For width = 2 to image_width - 2
Create a 5 by 5 window of the left ROI centered around width and find best match in the right ROI using NCC
Create a 5 by 5 window of the right ROI centered around width and find best match in the left ROI using NCC
Disparity = current_width - best match
The edge pixels that did not receive a disparity gets the disparity of its neighbors
For height = 0 to image_height
For width = 0 to image_width
Check smoothness, uniqueness and order constraints*(parallelized separately)
For height = 0 to image_height
For width = 0 to image_width
For disparity that failed constraints, use the average disparity of
neighbors that passed the constraints
Normalize all disparity and output to screen
如果你对这篇内容有疑问,欢迎到本站社区发帖提问 参与讨论,获取更多帮助,或者扫码二维码加入 Web 技术交流群。
绑定邮箱获取回复消息
由于您还没有绑定你的真实邮箱,如果其他用户或者作者回复了您的评论,将不能在第一时间通知您!
发布评论
评论(2)
仅从某些角度来看,并行化某些东西可能并不总是值得的。
仅仅因为你有一个 for 循环,其中每次迭代都可以彼此独立地完成,并不总是意味着你应该这样做。
TBB 在启动这些parallel_for 循环时会产生一些开销,因此除非您循环大量次,否则您可能不应该对其进行并行化。
但是,如果每个循环都非常昂贵(就像 CirrusFlyer 的示例一样),那么可以随意并行化它。
更具体地说,寻找并行计算的开销相对于并行化成本较小的时间。
另外,执行嵌套的parallel_for 循环时要小心,因为这可能会变得昂贵。您可能只想坚持并行化外部 for 循环。
Just for some perspective, it may not always be worthwhile to parallelize something.
Just because you have a for loop where each iteration can be done independently of each other, doesn't always mean you should.
TBB has some overhead for starting those parallel_for loops, so unless you're looping a large number of times, you probably shouldn't parallelize it.
But, if each loop is extremely expensive (Like in CirrusFlyer's example) then feel free to parallelize it.
More specifically, look for times where the overhead of the parallel computation is small relative to the cost of having it parallelized.
Also, be careful about doing nested parallel_for loops, as this can get expensive. You may want to just stick with paralellizing the outer for loop.
愚蠢的答案是任何耗时或迭代的事情。我使用 Microsoft 的 .NET v4.0 任务并行库,其设置的有趣之处之一是其“表达的并行性”。一个有趣的术语,用于描述“尝试的并行性”。不过,如果主机平台没有必要的内核,您的编码语句可能会说“在此处使用 TPL”,它将简单地调用旧式串行代码来代替它。
我已经开始在我的所有项目中使用 TPL。特别是任何有循环的地方(这要求我设计我的类和方法,以便循环迭代之间不存在依赖关系)。但是,对于任何可能只是好的老式多线程代码的地方,我都会看看现在是否可以将其放置在不同的内核上。
到目前为止,我最喜欢的是一个应用程序,它会下载约 7,800 个不同的 URL 来分析页面的内容,如果它找到它正在寻找的信息,则会进行一些额外的处理......这过去需要 26 - 29 分钟来完成。我的 Dell T7500 工作站配备双四核 Xeon 3GHz 处理器、24GB RAM 和 Windows 7 Ultimate 64 位版本,现在可以在大约 5 分钟内完成整个任务。对我来说有很大的不同。
我还有一个发布/订阅通信引擎,我一直在重构它以利用 TPL(特别是在将数据从服务器“推送”到客户端时......您可能有 10,000 个客户端计算机,他们已经表达了对特定事物的兴趣,即一旦该事件发生,我需要将数据推送给所有这些)。我还没有完成这项工作,但我真的很期待看到这方面的结果。
值得深思...
The silly answer is anything that is time consuming or iterative.
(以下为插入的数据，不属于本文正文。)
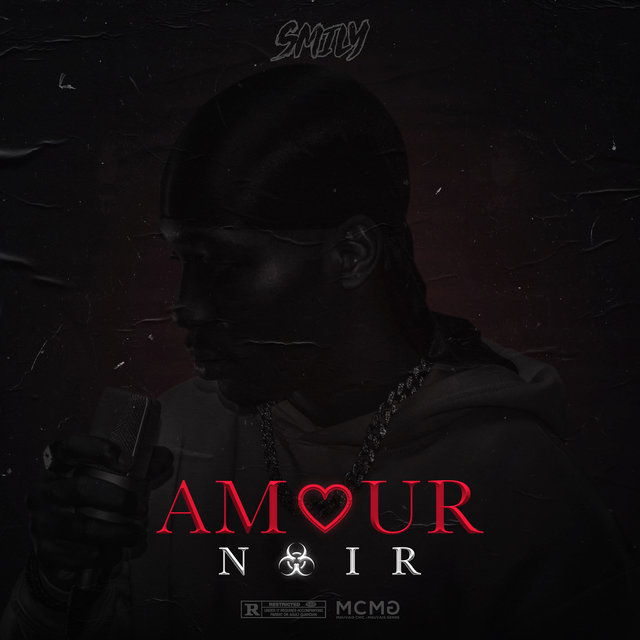 Couverture de Amour noir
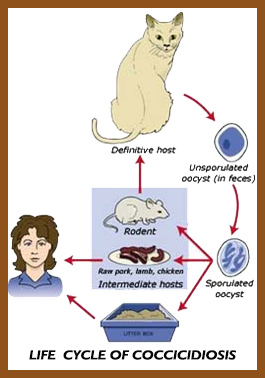 Coccidia treatment in on sale cats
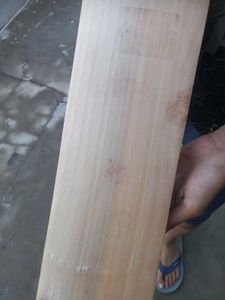 English Willow Bat Ss Knight Rider Edition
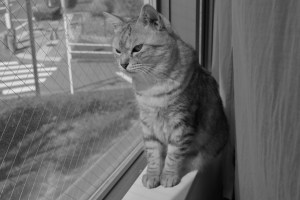 春の昼教壇に立つ珍事かな、0km, 20260307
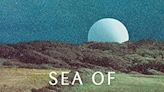 Book Look: Time travel and mystery to discover in sci-fi dystopia 'Sea of Tranquility'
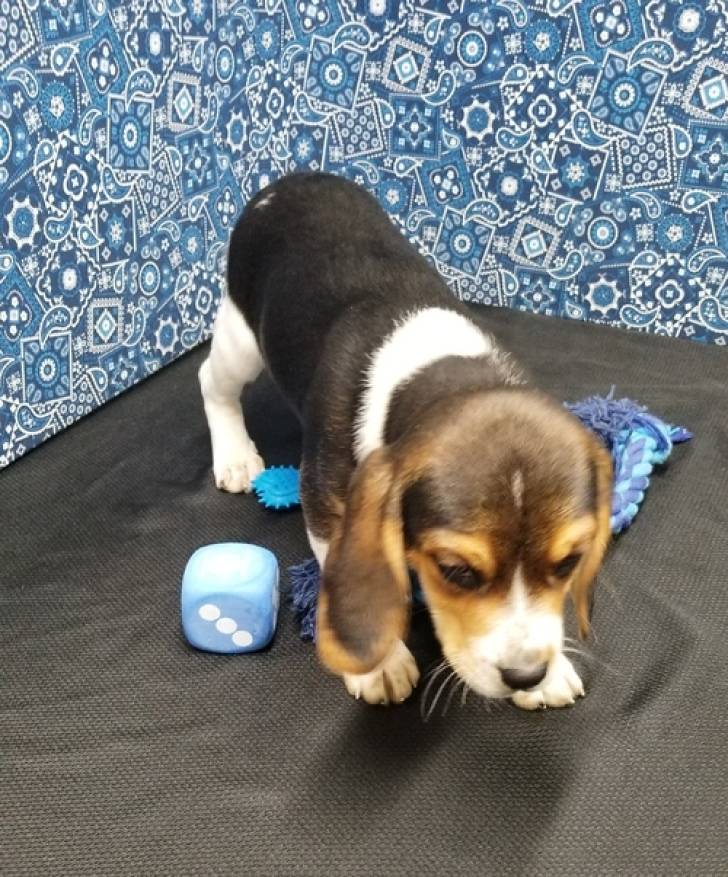 ~Regalo lindo BEAGLE cachorros ....
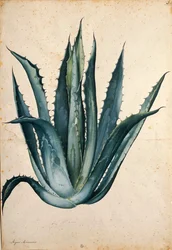 Agave américain par Jacopo Ligozzi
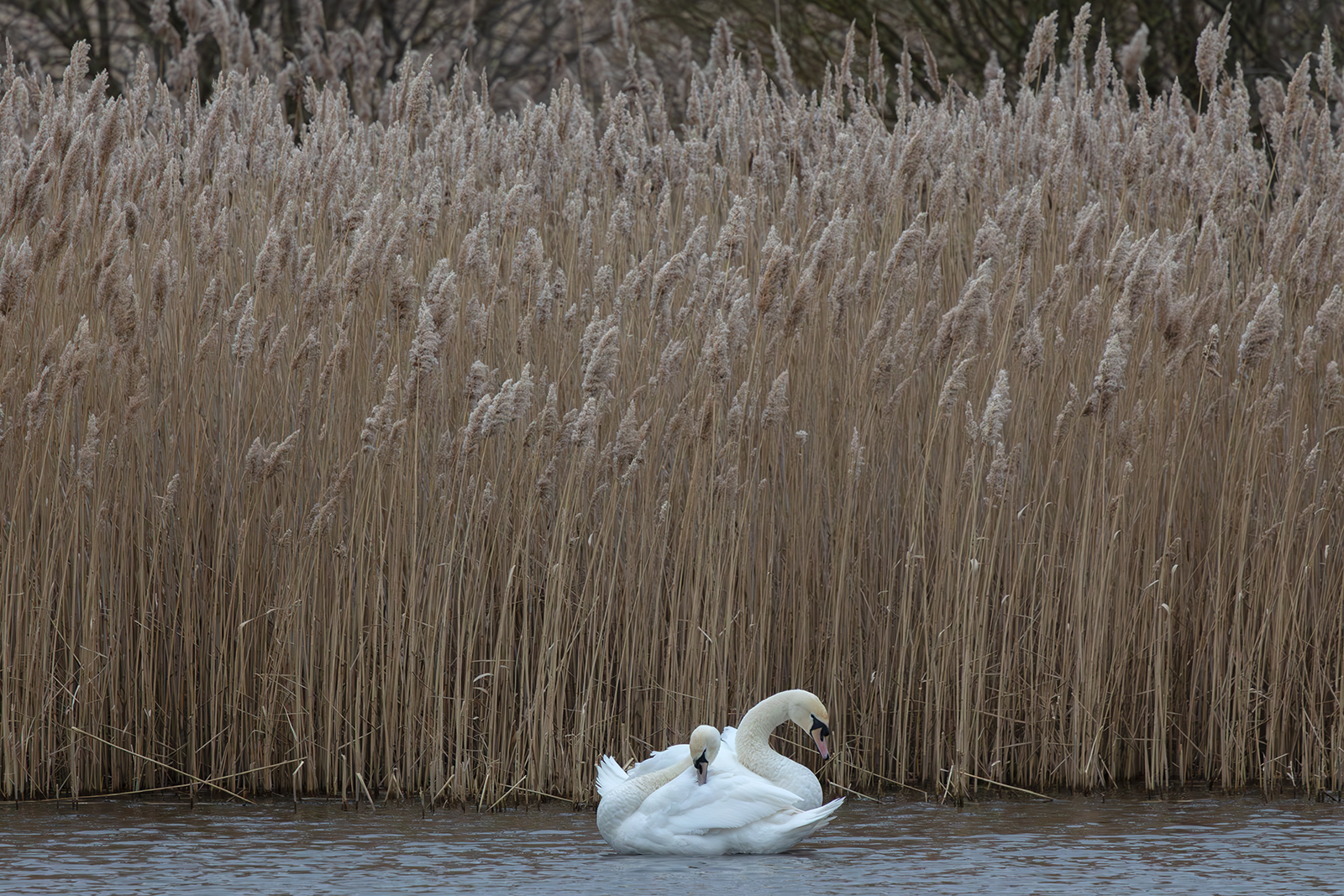 Mute Swan Pair By Julia Andrew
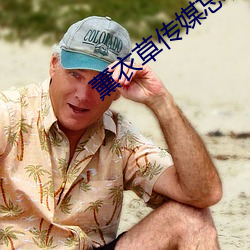 薰衣草传媒忘忧草网页版 （重挫）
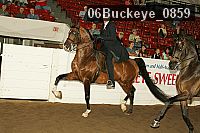06buckeye_0859 proof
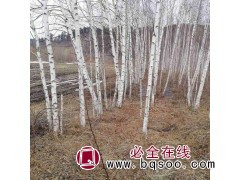 4-24公分白桦树 东北白桦树基地 白桦价格 白桦 绿源苗木图1
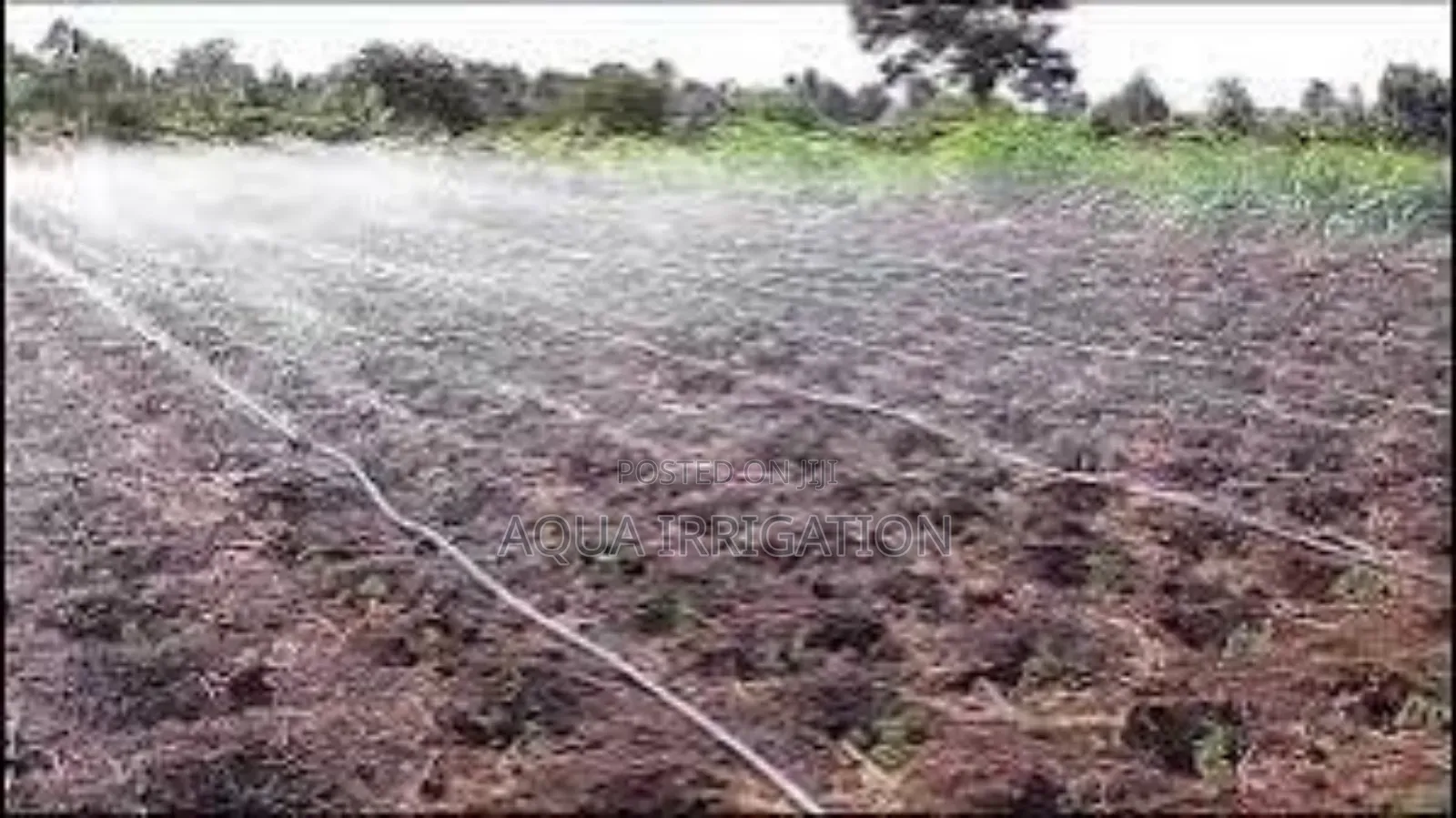 Aqualine Rain Hose – Ensures Even Water Distribution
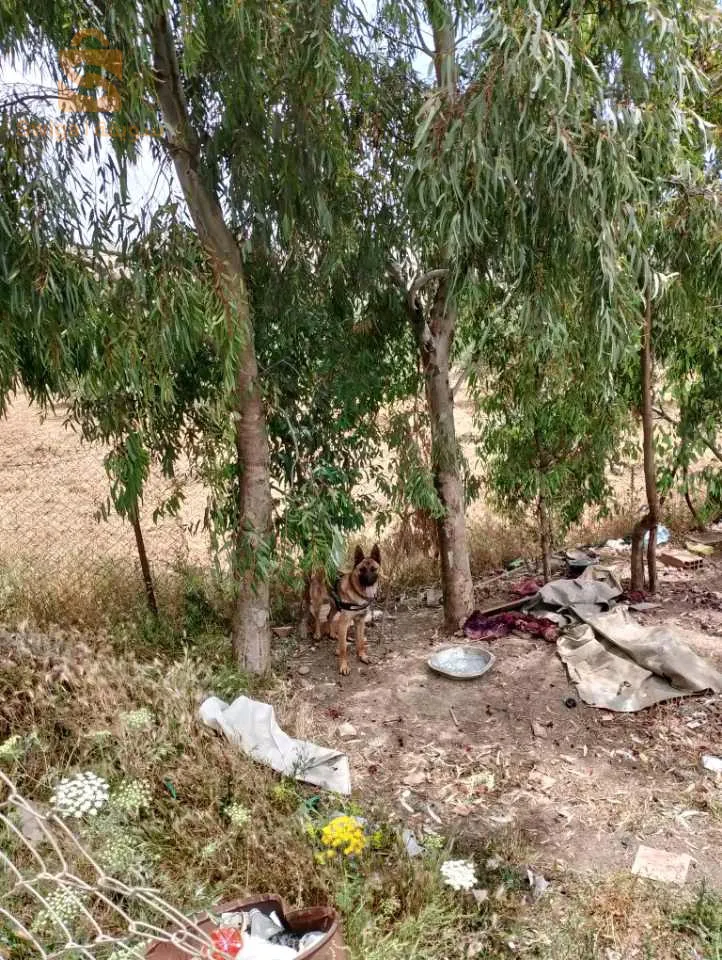 بومدفع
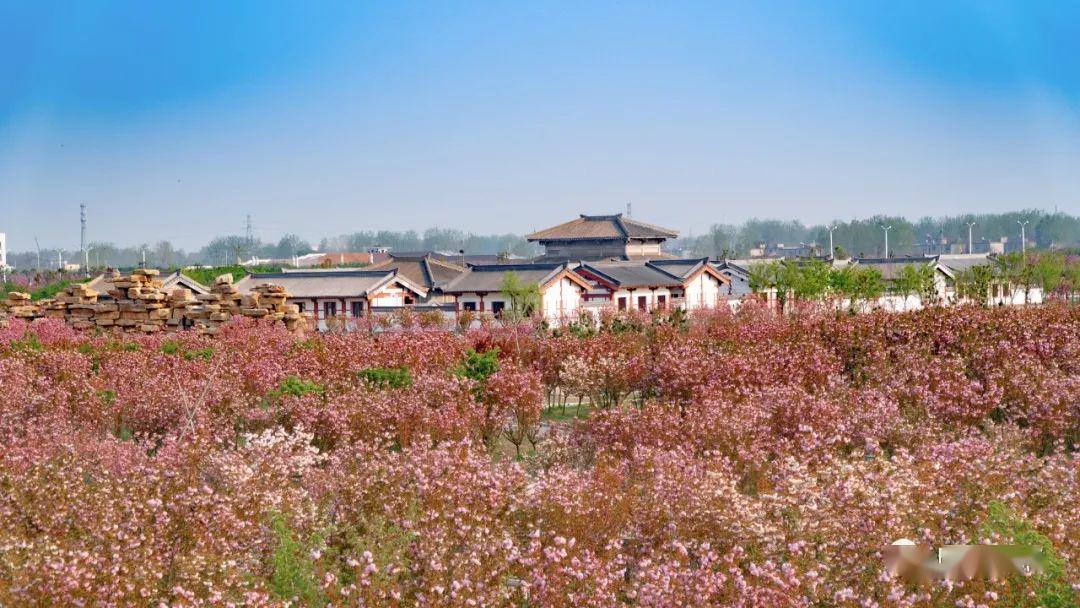 固镇樱花园中国排名图片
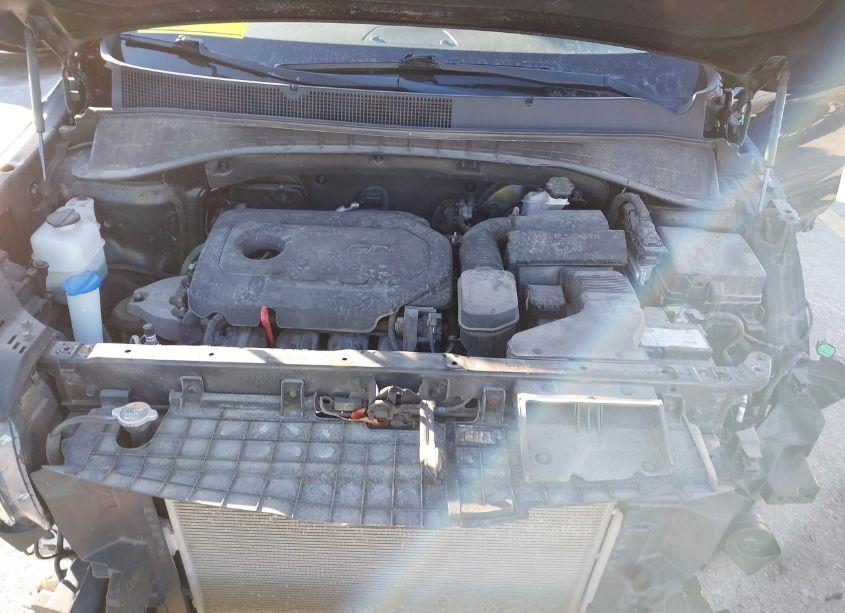 Photo 10 of 2019 Kia Sorento 2.4L L (VIN 5XYPG4A37KG588566)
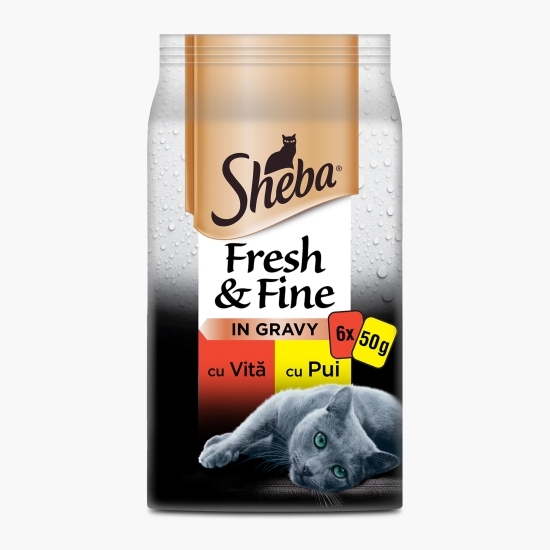 Hrană umedă pentru pisici adulte, 6x50g, cu pui și vită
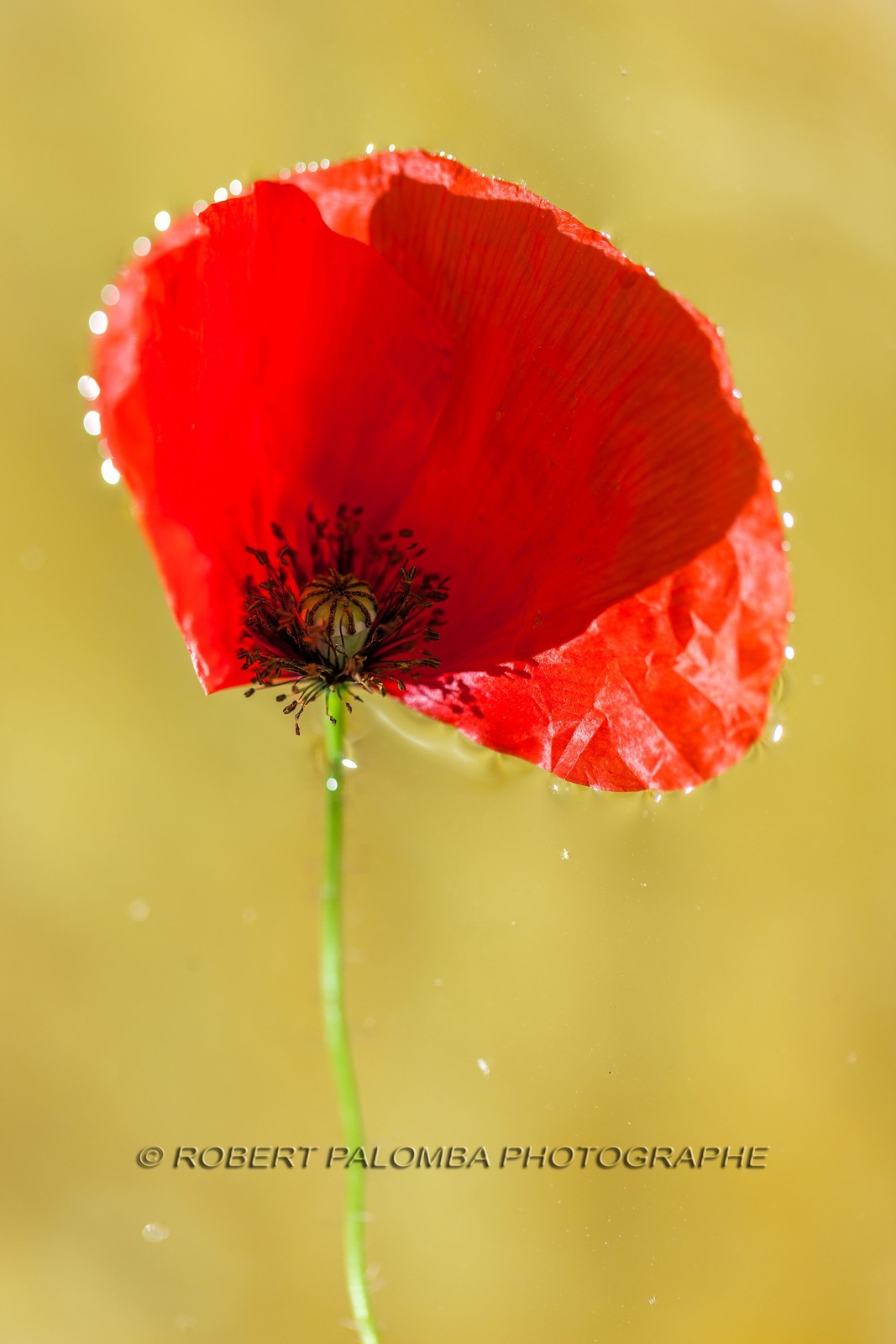 Coquelicot Coquelicot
I use Microsoft's .NET v4.0 Task Parallel Library and one of the interesting things about their setup is its "expressed parallelism." An interesting term to describe "attempted parallelism." Though, your coding statements may say "use the TPL here" if the host platform doesn't have the necessary cores it will simply invoke the old fashion serial code in its place.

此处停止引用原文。